The two-part deconstruction process, as outlined above, indicates corporate governance as the contradictions of position and practice. The challenges of policy-practice dissonance are when the government’s attempts for transformation might be regarded as the proxy for the actual change than the means to an end. At a micro level, such cases as reported here, are clear cases about when the dangers of the discourse of economic rationality and its neoliberal thinking can play out as pillage of public resources, which cannot be promoted in consideration of corporate governance as an ethical practice. Therefore, the realist ontology problematizes steering and strategic direction as leadership role and responsibilities (doing the right things right), for example, when such a structural system is posited as the proxy for trust, good reputation and legitimacy, as the actual outcomes. At the point of cultural system, the same roles and responsibilities would be a subject of critique when corporate governance and leadership are understood and explained as value free, apolitical, asocial and neutral. The same realist argument about the Council’s roles and responsibilities would also apply in all other cases about leadership roles and responsibilities, when those might be seen as the panacea for ethical controls. The same would apply at the point of a cultural system and the value-laden approach to the notion of corporate governance.
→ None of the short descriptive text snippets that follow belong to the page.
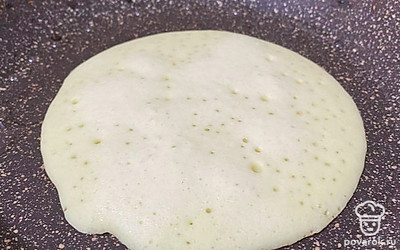 Тесто я наливаю не на всю площадь. Так блинчики получаются небольшими, пухлыми, их удобно переворачивать. Как только пузырьки пойдут, можно переворачивать.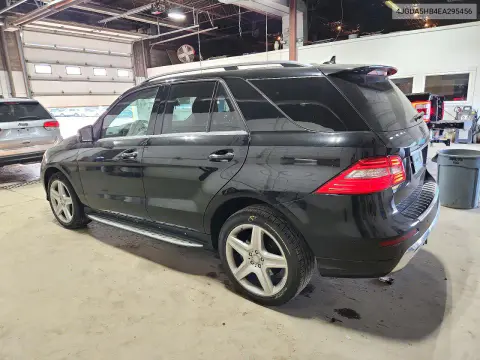 2014 Mercedes-Benz Ml 350 4Matic VIN 4JGDA5HB4EA295456 фото 2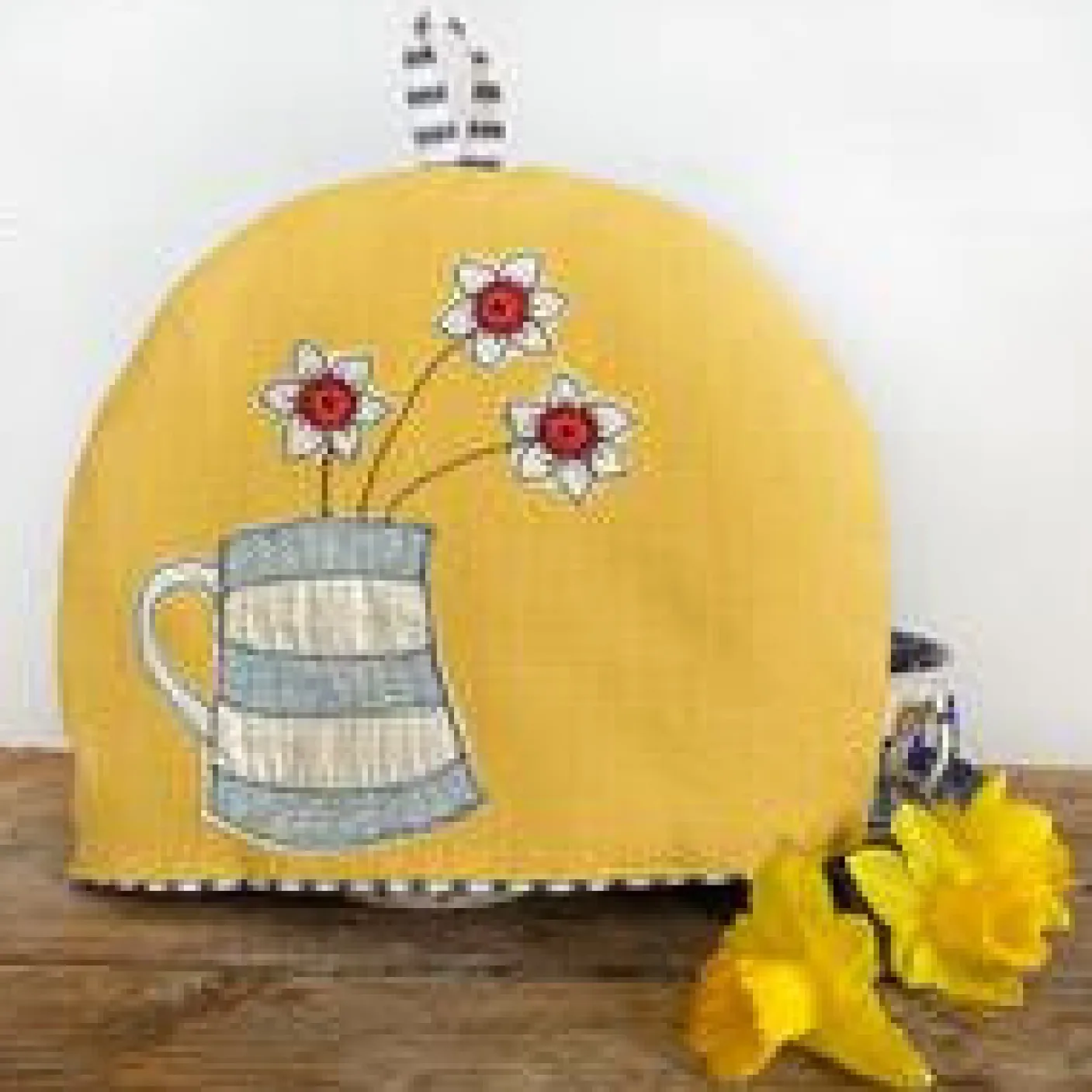 Cornish Narcissi Small Tea Cosy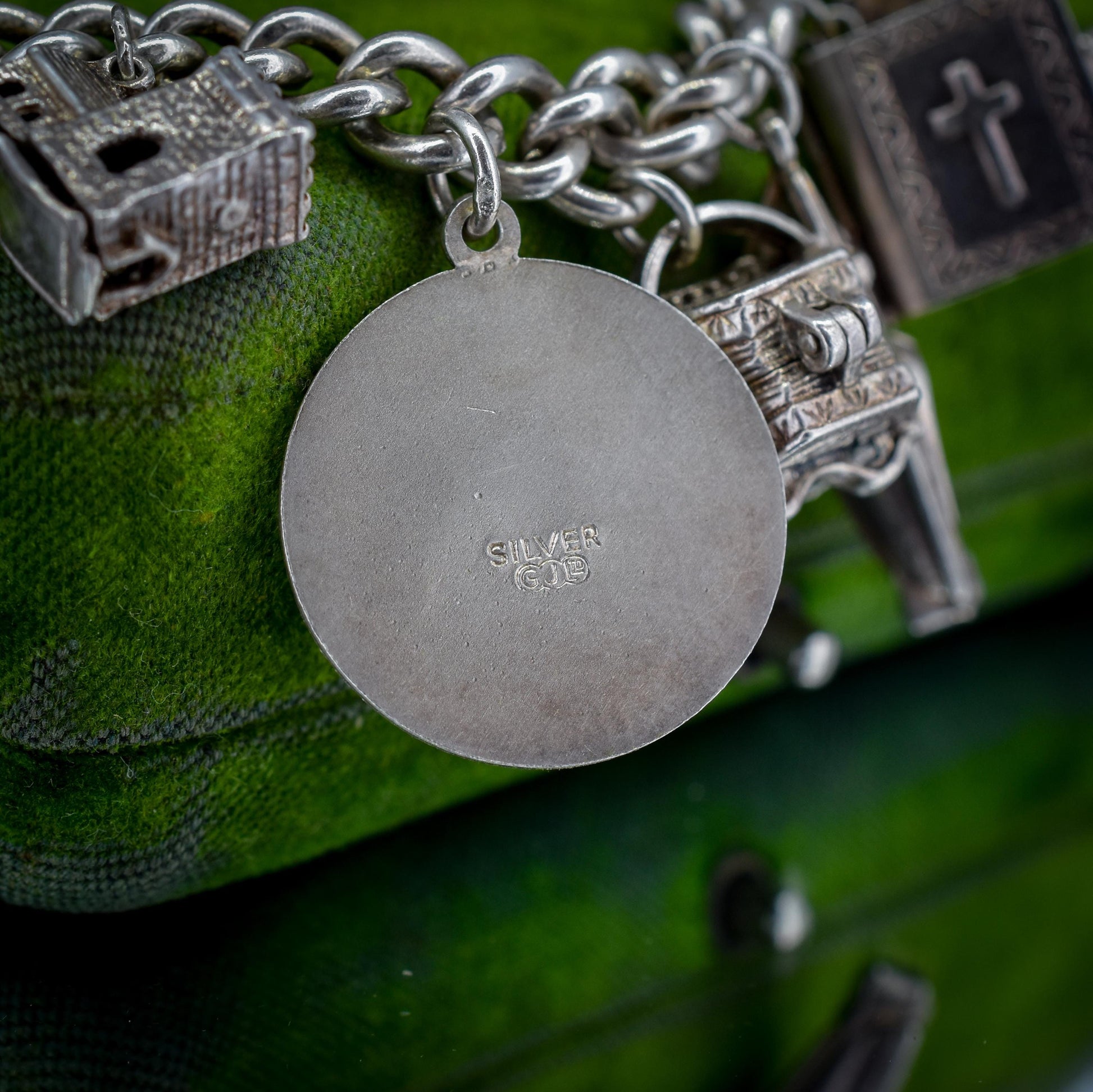 Vintage 82g Sterling Silver Multi Charm Bracelet | 7"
The cases as reported in this chapter indicate that, while the regulation of the governance roles is necessary, are such a regulation is not adequate for the actual practice to take place. This then becomes a realist question of what structural arrangements can mean in practice. That is, when such arrangements, as a structural system can be completely different from how such systems can be enacted. This is normally the case when the incoherence manifests as dissonances between the workings of power and the knowledge thereof and in ways that the discrepancies might have to be resolved in ways that are sustainably impactful. The cases, as reported in this chapter, indicate how corporate governance, although espoused as based on CGR principles, can also result in the opposite. Such is also the case of a social practice, which, with its beliefs, ideas and values being mutually constitutive, can be contested in actual practice. In the following paragraphs, I try to illustrate this point.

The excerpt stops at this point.